42 Ga. 389 | Ga. | 1871
Assuming the facts stated in this bill to be true, (as we must in deciding upon the demurrer,) one cannot escape the conclusion that the machinery of the law has been used to give to the defendant an unfair advantage in the contest for this land. He had, by the filing of his bill, necessarily admitted the complainant not to be an intruder, since an intruder is one who does not, in good faith, claim the possession. The Chancellor, by dissolving the injunction, had recognized the bona fides of the then defendant in his claim of the possession, and we are not sure that, until that order, passed with both the parties before him, was in some way discharged, it was not a contempt of the Chancellor to oust the possessor by the summary process resorted to.

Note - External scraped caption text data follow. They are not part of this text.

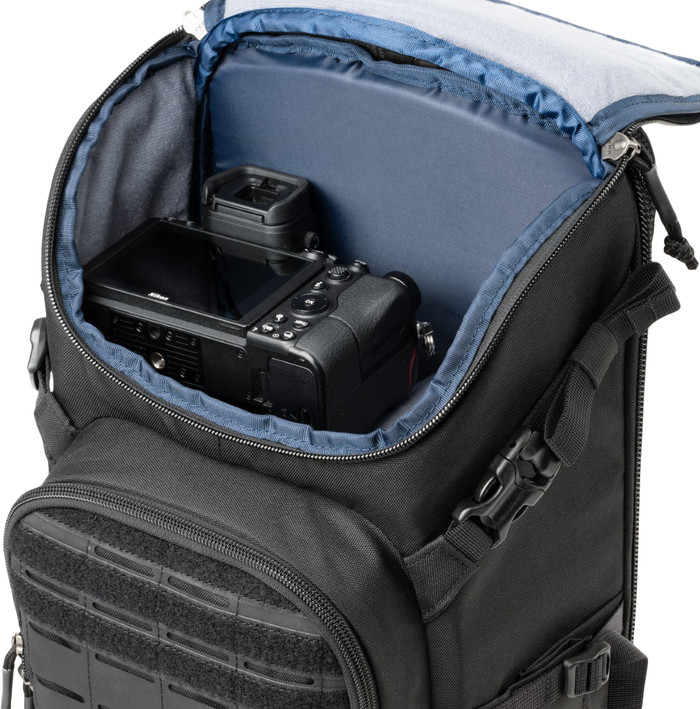 Think Tank DarkLight Reiserucksack 14L Schwarz oberseite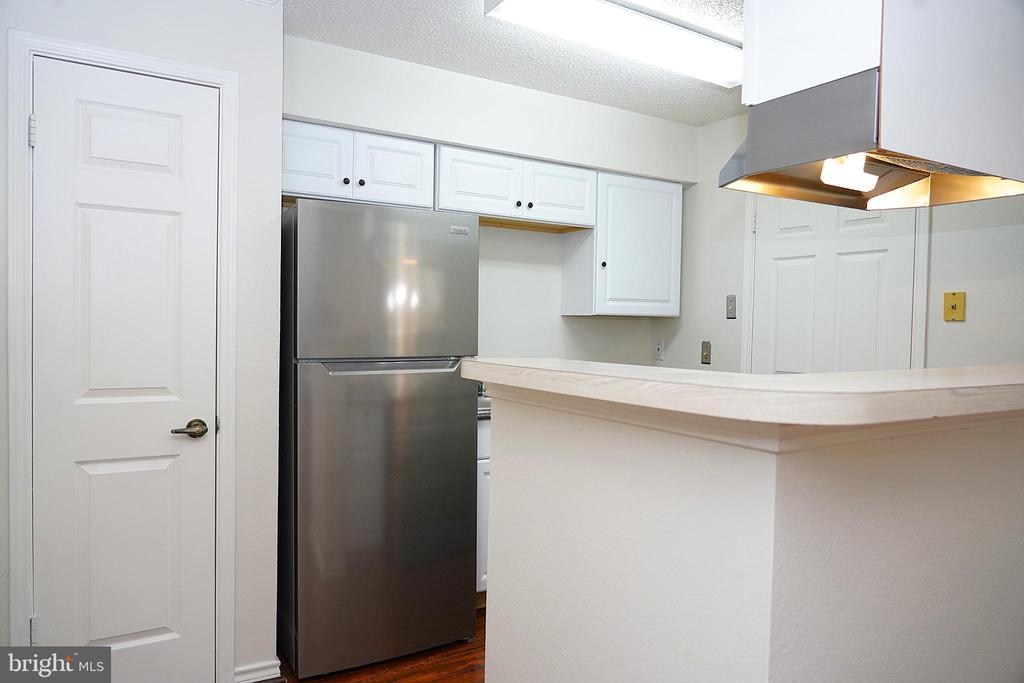 1532 LINCOLN WAY 203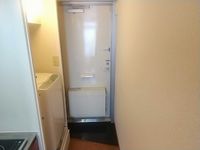 レオパレスクレール 玄関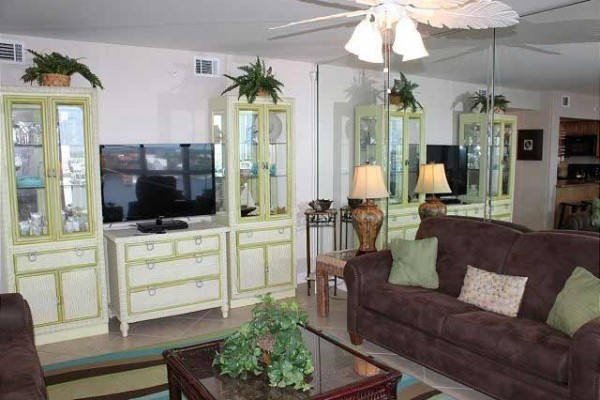 [Image: Brand New Sea Spray Riverside 2BR 2BA- Amazing 9th Floor Views!]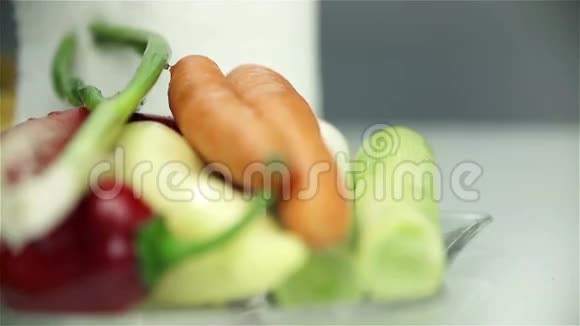 盘子里的蔬菜准备好烹饪视频的预览图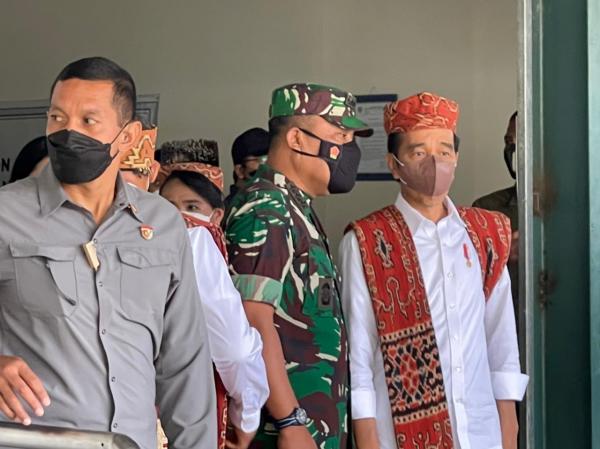 Jokowi dan Kabais TNI Ngobrol Serius di Bandara Umbu Mehang Kunda, Ada Apa?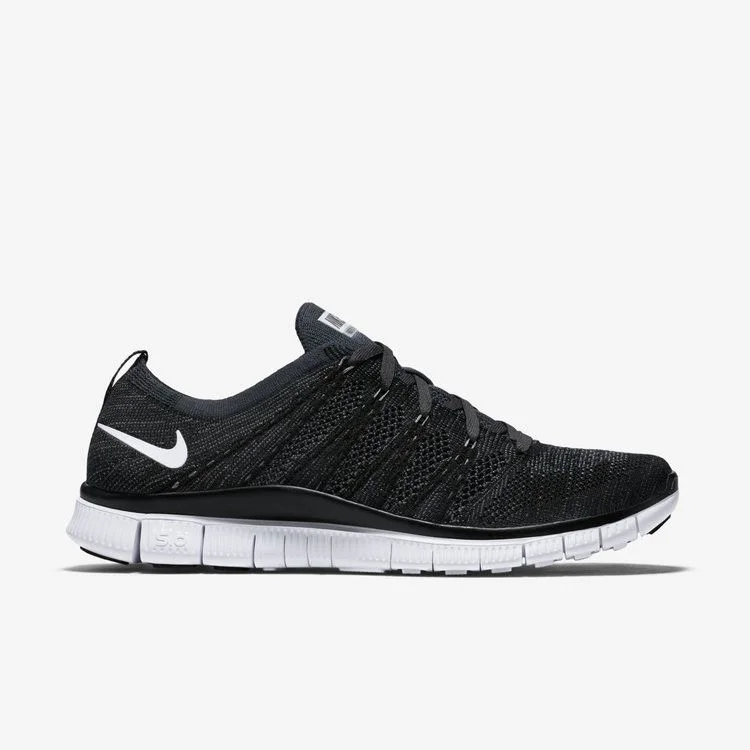 Krossovki-Nike-Free-Flyknit-NSW-6-1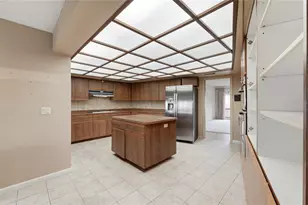 1803 Country Club Ct, Plant City, FL 33566 - Photo 8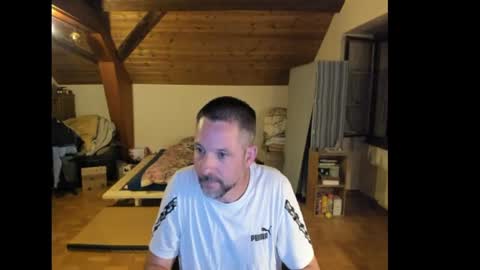 supersquirrel81 online show from July 17, 2026, 10:25 pm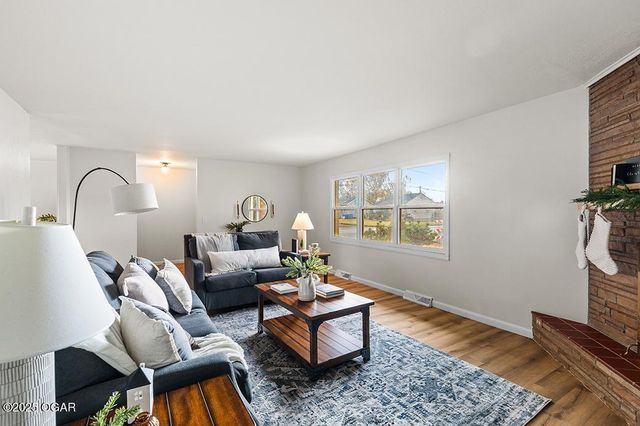 2841 E 14th Street, Joplin, MO 64801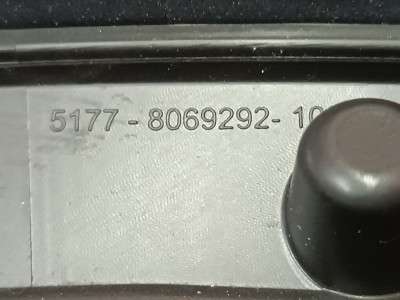Б/у Накладка декоративна (молдинг) заднього правого крила BMW X5 G05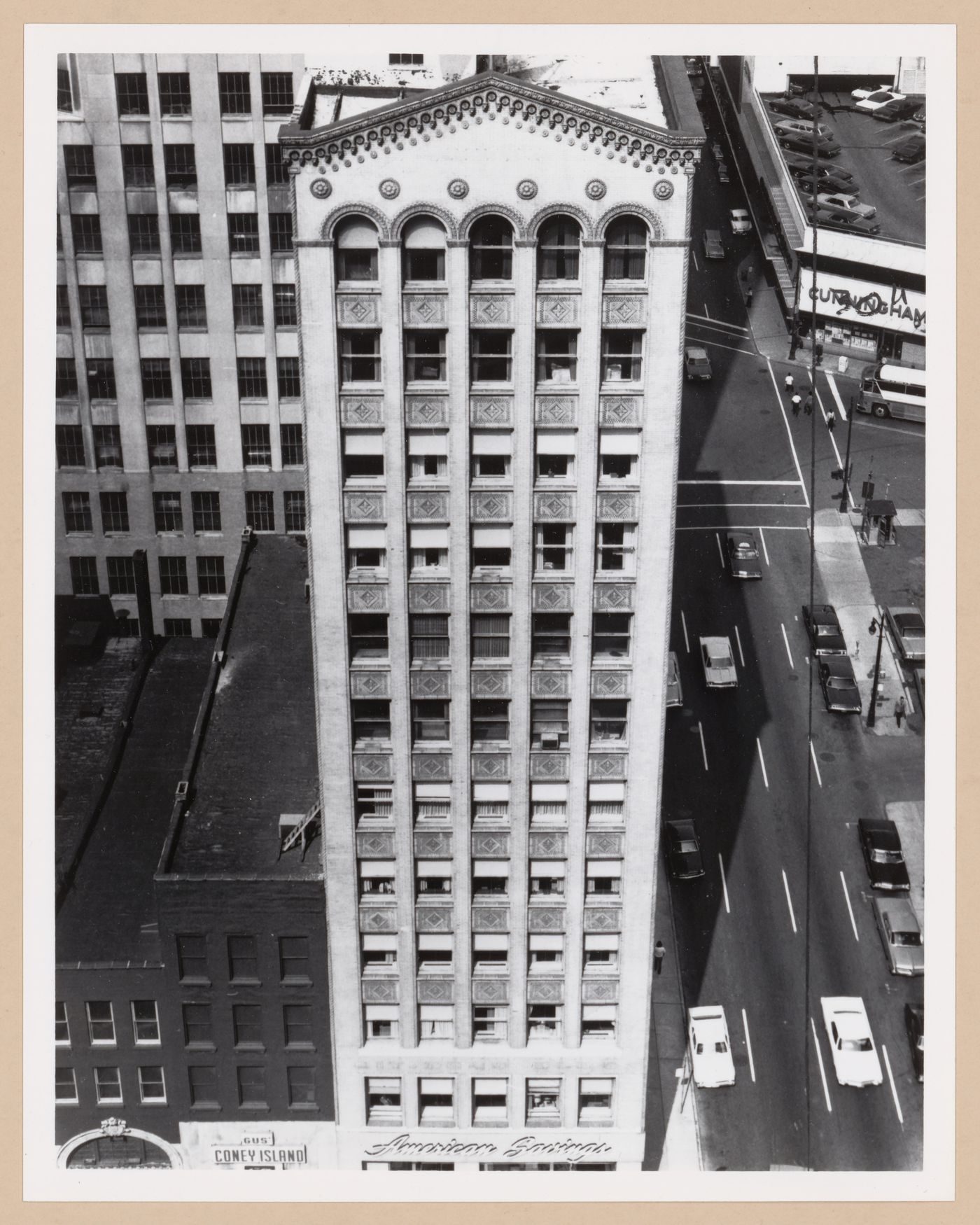 View of the principal façade of the Vinton Building from above, Woodward Avenue and Congress Street, Detroit, Michigan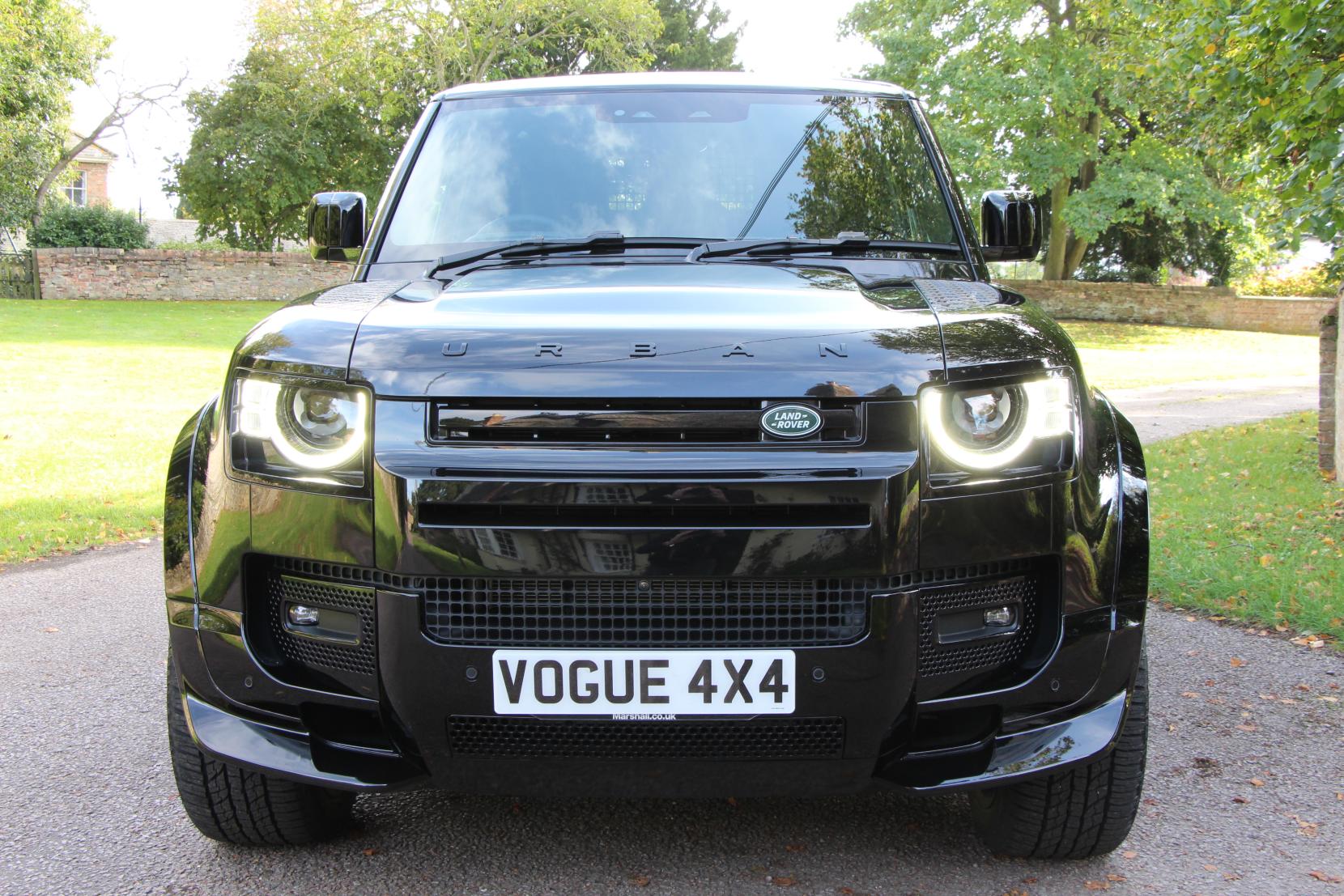 Land Rover Defender 90 3.0 D250 MHEV X-Dynamic HSE Hard Top SUV 3dr Diesel Auto 4WD SWB Euro 6 (s/s) (250 ps)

Section 4131 of the Code, whilst it allows the dismissal of a bill in vacation, expressly provides that this shall not be done so as to prejudice any right of the defendant. The defendant was, by the Judge’s order, permitted to go on with the cultivation of the land, and this, after a hearing of the several claims of the parties. It smacks very strongly of contempt of this order, passed in a proceeding, at the suggestion of the then complainant, to dismiss his suit, take out the intruder’s warrant, and seize the opportunity of the temporary absence, from the county, of the landlord, to pounce upon the ignorant and careless tenant, and by hoeus poeus, get the possession.
What the truth of the case may be we know not. We only say that, under the charges in the bill, it was a case for equitable interposition, under the power of the Court, to prevent the evasion of its own orders, and we think the demurrer ought to have been overruled.